National Roman Museum

Galleria immagini

The mission of the National Roman Museum is the acquisition, conservation, enhancement and enjoyment of a unique cultural heritage. This exceptional testimony of the past is promoted and developed by the National Roman Museum, projecting a sense of historical continuity into the future.
The National Roman Museum was established on 7 February 1889.
The creation of a 'Museum of Antiquities in the Capital of the Kingdom' was a need felt as soon as Rome became the capital of Italy in 1870. With the urban expansion aimed at adapting the city to its new role as capital, numerous works, often of exceptional artistic value, were found, thus confirming the need to create a museum in which to display and narrate the greatness of the past and celebrate the ambition of a country that was finally united.
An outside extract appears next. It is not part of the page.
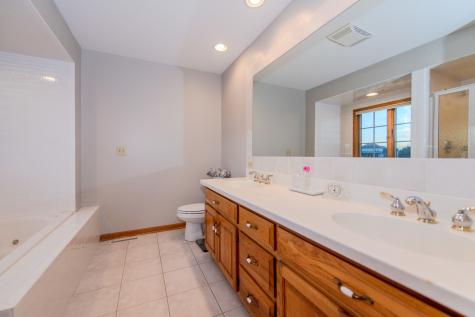 18816 South Chestnut Drive Shorewood IL 60404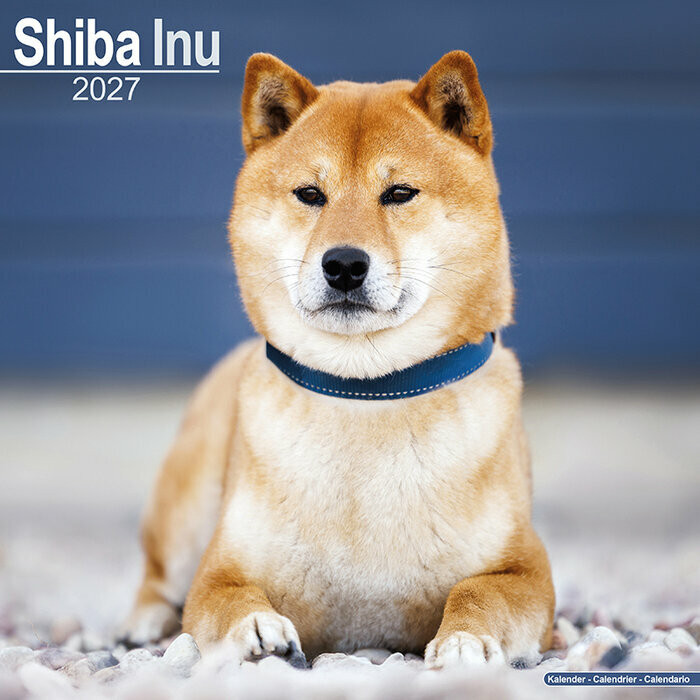 Calendrier Shiba Inu Couple 2027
The choice fell on the Baths of Diocletian and part of Michelangelo's cloister, which had already been used as a repository for archeological material found during the construction of the nearby Ministry of Finance. The Museum was also enriched with numerous other materials from existing collections, such as the Kircherian Museum, and from the acquisitions of sculptures and important collections belonging to noble Roman families, including the famous Ludovisi Collection. At the time of its establishment, the Museum had only a small part of the Terme rooms, occupied by the most varied institutions and activities, from the Margherita di Savoia Hospice for the poor blind, in the spaces that once belonged to the Charterhouse, to the famous Caffè Concerto Al Diocleziano in Aula V. The decision of the Executive Committee for the 1911 Commemorative Festivities in Rome to host the Great Archeological Exhibition in the Baths of Diocletian for the celebrations of the 50th anniversary of the Unification of Italy was an important opportunity to free up the entire complex and return it to its original dimension as an archeological monument.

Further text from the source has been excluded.